Kolasin, which is the centre of a regional municipality of about 10,000 people, has a small media market that includes just one local newspaper named Kolasin and four correspondents working for the national dailies — Pobjeda, Dan, Vijesti and Dnevne Novine. There is no local TV station. The local government is run by a coalition of opposition parties — Democratic Front, the Social Democratic Party of Montenegro (SDP) and the Socialist People’s Party of Montenegro — while the Democratic Party of Socialists is the majority party in the national parliament and it runs the Government.

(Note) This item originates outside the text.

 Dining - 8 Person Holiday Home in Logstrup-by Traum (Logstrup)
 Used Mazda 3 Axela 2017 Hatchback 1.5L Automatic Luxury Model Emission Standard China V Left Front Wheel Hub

Mapping Media FreedomThis article is a case study drawn from the issues documented by Mapping Media Freedom, Index on Censorship’s project that monitors threats to press freedom in 42 European and neighbouring countries. |
In two of the cases, the local official, Zeljka Vuksanovic, an opposition politician belonging to SDP, had intentionally not invited Zorica Bulatovic, Kolasin correspondent for the governing party-aligned daily newspaper Dnevne Novine, to press conferences. In the third case, Bulatovic reported that she was verbally harassed.
Bulatovic told MMF that she is being blocked from reporting on Kolasin’s administration as a result of her critical reporting. In a statement to MMF, the mayor said that Bulatovic’s politically motivated reporting is the reason the journalist is not being invited to press conferences. “If you read her articles you will see why I am not communicating with her. You will see that those articles are not articles written by a journalist,” Vuksanovic wrote.
According to CDM, a media outlet owned by the Greek businessman Petros Stathis, who also owns the Dnevne Novine and another daily, Pobjeda, Bulatovic was not invited to an 8 July press session organised by the municipality. The news outlet also reported that Vuksanovic forbid municipality departments from cooperating with or providing information to Bulatovic.
Ten days later, on 18 July, the reporter was the only local journalist not included in a press conference organised after the visit of the national government’s minister for human and minority rights, Suad Numanovic, who called on officials to reverse their decision regarding Bulatovic.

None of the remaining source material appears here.